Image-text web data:
^^^^^^^^^^^^^^^^

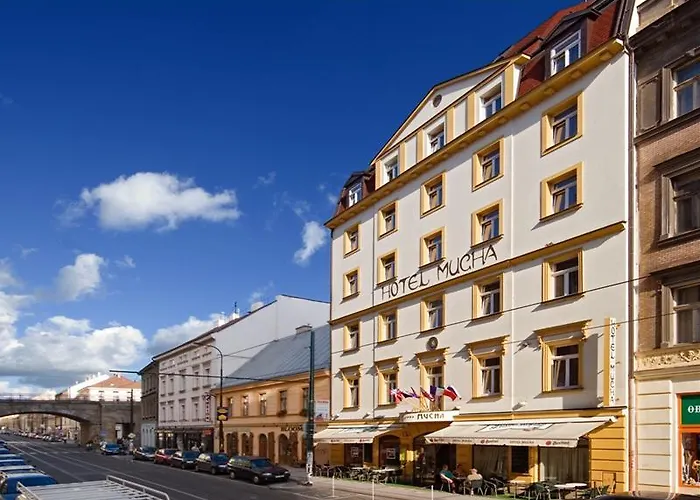 Mucha Hotel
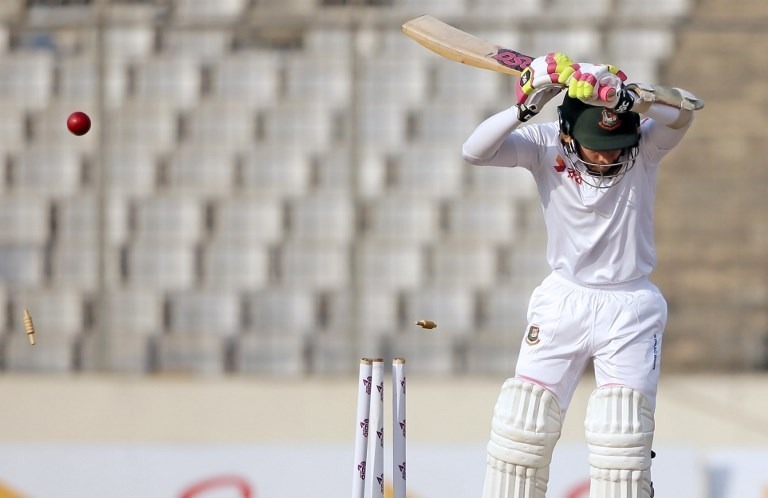 Sri Lanka bounce back with the ball after poor batting display Sri Lanka bounce back with the ball after poor batting display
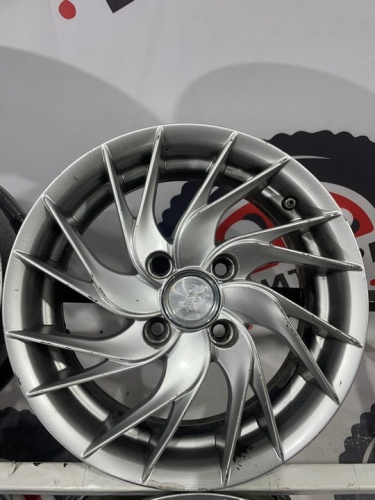 Диски литые R14 4х100 ET45 67,1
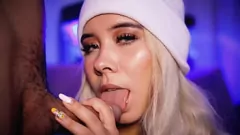 Redare Adorabil blond latina camgirl oferă o muie pasională deephroat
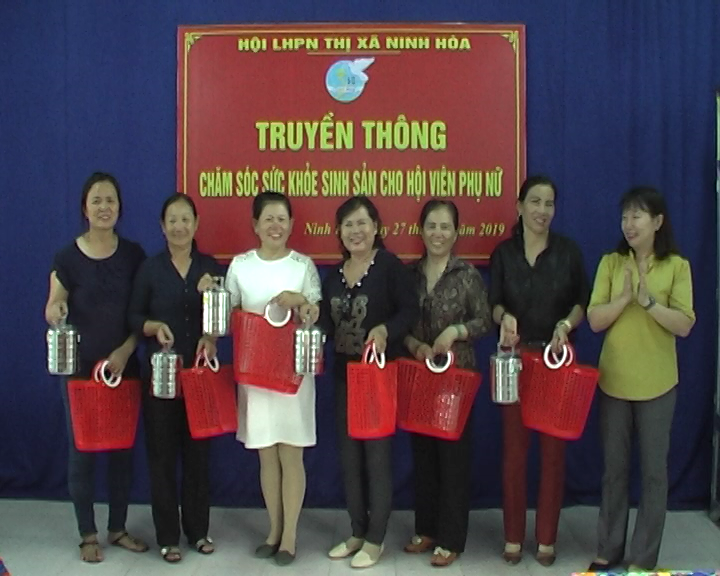 Hội LHPN thị xã Ninh Hòa tổ chức buổi truyền thông chăm sóc sức khỏe sinh sản cho hội viên phụ nữ thôn Suối Sâu xã Ninh Tân d.bmp (1.19 MB)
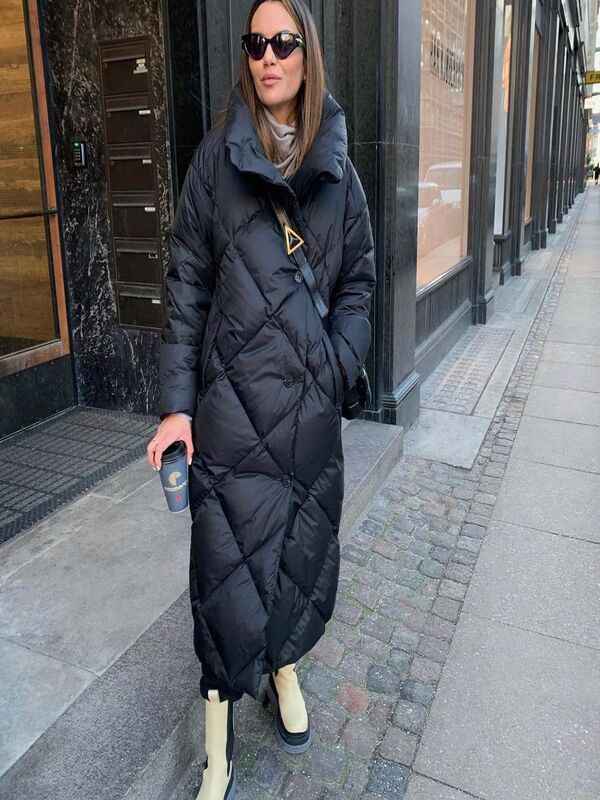 Best Double-Layer Design: INTL d.e.t.a.i.l.s Diamond Quilt Puffer Coat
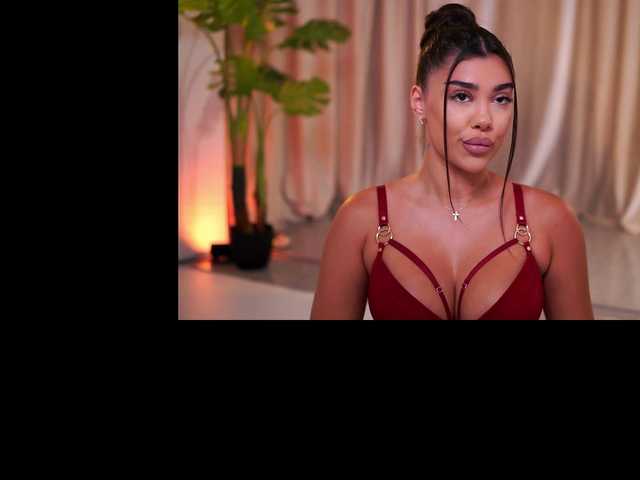 NatyDesiree live webcam show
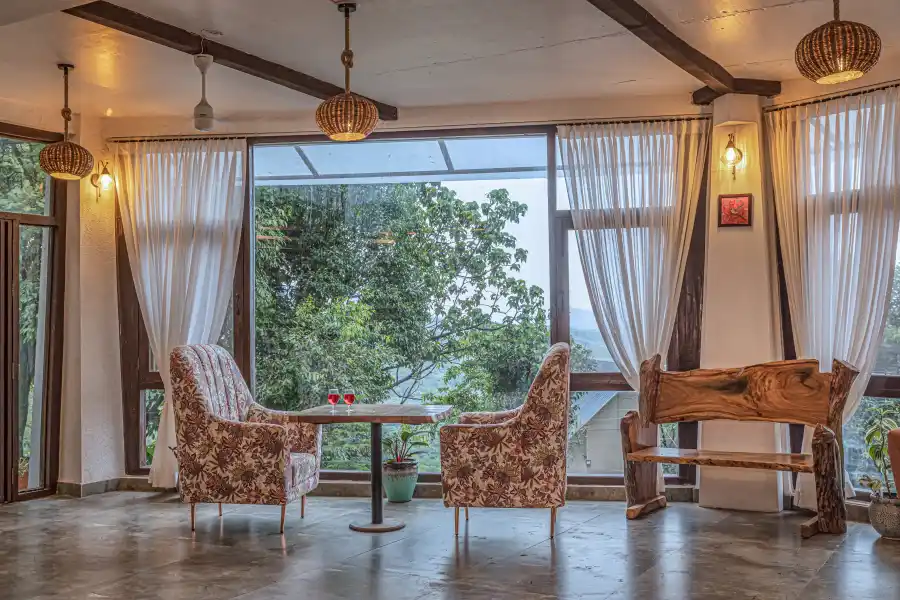 SaffronStays Aranya Vilas, Pawna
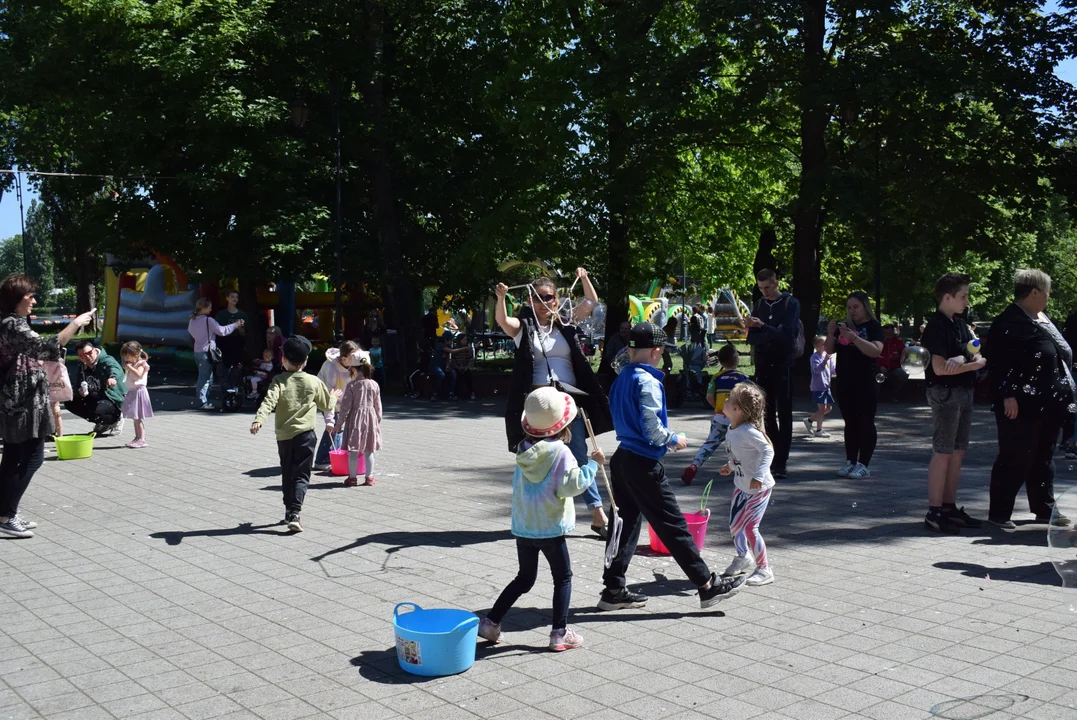 Festiwal baniek mydlanych i kolorów w Parku Miejskim w Zgierzu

^^^^^^^^^^^^^^^^

● **EXERCISE DIRECTIONS**
Each entry above should be returned exactly as written, minus its pictures.

● **WRITTEN SOLUTION**
 Mucha Hotel
 Sri Lanka bounce back with the ball after poor batting display Sri Lanka bounce back with the ball after poor batting display
 Диски литые R14 4х100 ET45 67,1
 Redare Adorabil blond latina camgirl oferă o muie pasională deephroat
 Hội LHPN thị xã Ninh Hòa tổ chức buổi truyền thông chăm sóc sức khỏe sinh sản cho hội viên phụ nữ thôn Suối Sâu xã Ninh Tân d.bmp (1.19 MB)
 Best Double-Layer Design: INTL d.e.t.a.i.l.s Diamond Quilt Puffer Coat
 NatyDesiree live webcam show
 SaffronStays Aranya Vilas, Pawna
 Festiwal baniek mydlanych i kolorów w Parku Miejskim w Zgierzu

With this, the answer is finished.